Proof. $T_{ρ} f = \sum_{A} \hat{f} (A) T_{ρ} ϕ_{A} = \sum_{A} ρ^{| A |} \hat{f} (A) ϕ_{A}$ . □

Definition 6.7. Let $ρ \in [0, 1]$ , $f : {- 1, 1}^{n} \to ℝ$ . Then

{Stab}_{ρ} f = ⟨ f, T_{ρ} f ⟩ = 𝔼_{x \sim_{ρ} y} f (x) f (y) .

Remark. By Corollary 6.6, ${Stab}_{ρ} f = \sum_{A} ρ^{| A |} \hat{f} {(A)}^{2}$ , as in unbiased case.

The Margulis–Russo formula

We shall be considering more than one value of $p$ .

Convention: Let $f : {- 1, 1}^{n} \to ℝ$ . If we write $f^{(p)}$ , then all definitions should be understood to be $p$ -biased.

Lemma 6.8. Let $f : ℝ^{n} \to ℝ$ be a multilinear function, and write $f$ also for its restriction to ${- 1, 1}^{n}$ . Then $𝔼_{x \sim μ_{p}} f^{(p)} (x) = f (\bar{μ}, μ, \dots, μ)$ .

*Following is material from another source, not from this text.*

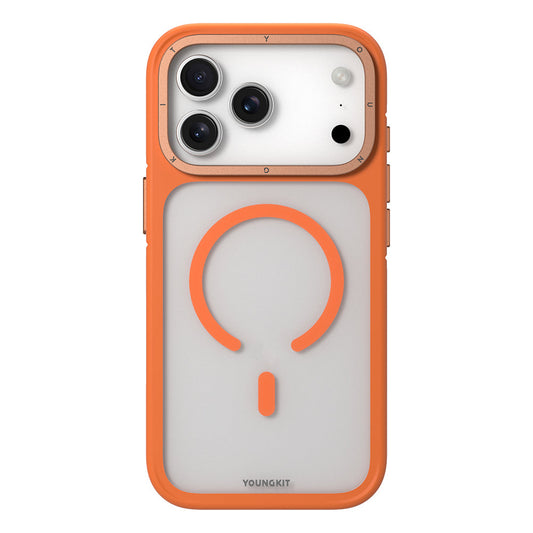 iPhone 17 Pro Max Case YOUNGKIT Rock Sand Series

Note: whenever we write $f^{(p)}$ , it is implicit that we are restricting to ${- 1, 1}^{n}$ , since $μ_{p}$ is only defined there.

We will give 3 proofs!

Proof 1. Write $f = \sum_{A} 𝜃_{A} x_{A}$ . Then $𝔼_{x \sim μ_{p}} x_{A} = \prod_{i \in A} 𝔼_{x \sim μ_{p}} x_{i} = \prod_{i \in A} (q - p) = μ^{| A |} = x_{A} (μ, μ, \dots, μ)$ . Then by linearity, we’re done. □

You might think the above proof is a bit odd, since it uses the $x_{A}$ even though we’re in the $p$ -biased case. I would agree with you!

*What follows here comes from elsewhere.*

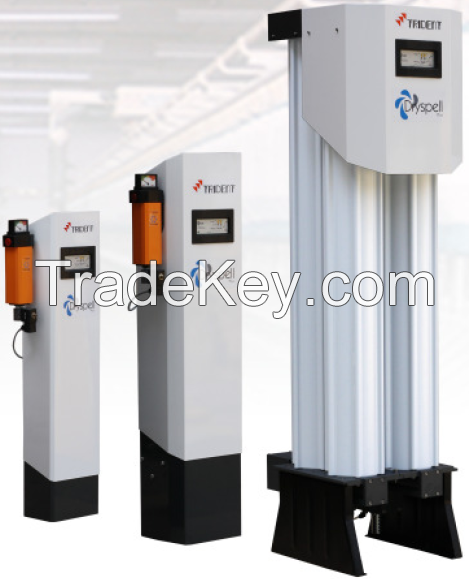 Desiccant Compressed Air Dryers Dryspell Plus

Proof 2. Write $f^{(p)} = \sum_{A} \hat{f} (A) ϕ_{A}$ . Then

𝔼_{x \sim μ_{p}} ϕ_{A} = \prod_{i \in A} 𝔼_{x \sim μ_{p}} ϕ_{i} = {\begin{matrix} 0 & A \neq \emptyset \\ 1 & A = \emptyset \end{matrix} = ϕ_{A} (μ, μ, \dots, μ) □

Proof 3. Induction on $n$ .

𝔼 f^{(p)} (x) = 𝔼 (q f^{(p)} (x_{n \to 1}) + p f^{(p)} (x_{n \to - 1})) = 𝔼 f^{(p)} (x_{n \to μ}) = f^{(p)} (μ, \dots, μ) .

Where the second equality used linearity in the last coordinate, and the last equality is by induction hypothesis. □

Theorem 6.9 (The Margulis–Russo formula). Let $f$ be as above. Then

\frac{d}{d μ} 𝔼 f^{(p)} = \frac{1}{σ} \sum_{i = 1}^{n} \hat{f^{(p)}} (i) .

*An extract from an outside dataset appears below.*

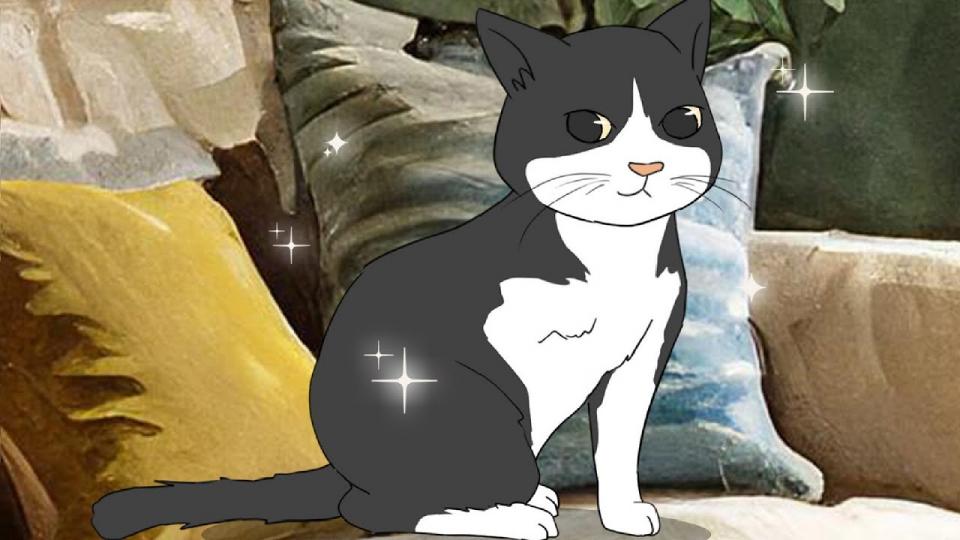 【文學101-賞讀文學】《貓之書寫》第六集:年邁的貓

Remark. Later we will care instead about $\frac{d}{d p}$ . But for now it is easier to work with $\frac{d}{d μ}$ .

Proof. By Lemma 6.8,

\begin{array}{l} \frac{d}{d μ} 𝔼 f^{(p)} & = \frac{d}{d μ} f (μ, μ, \dots, μ) \\ = \sum_{i = 1}^{n} \frac{\partial}{\partial x_{i}} f (μ, μ, \dots, μ) \\ = \sum_{i = 1}^{n} \frac{1}{2} (f (μ_{i \to 1}) - f (μ_{i \to - 1})) & (by multilinearity) \\ = \frac{1}{σ} \sum_{i = 1}^{n} D_{i} f (μ) \\ = \frac{1}{σ} \sum_{i = 1}^{n} 𝔼_{x \sim μ_{p}} D_{i} f^{(p)} (x) \end{array}

But $D_{i} f = \sum_{A ∋ i} \hat{f} (A) ϕ_{A ∖ {i}}$ , so $𝔼 D_{i} f = \hat{f} (i)$ . The result follows. □

Corollary 6.10. Let $f : {- 1, 1}^{n} \to {- 1, 1}$ be a monotone Boolean function. Then

\frac{d}{d p} ℙ [f^{(p)} (x) = - 1] = \frac{1}{σ^{2}} I (f^{(p)}) .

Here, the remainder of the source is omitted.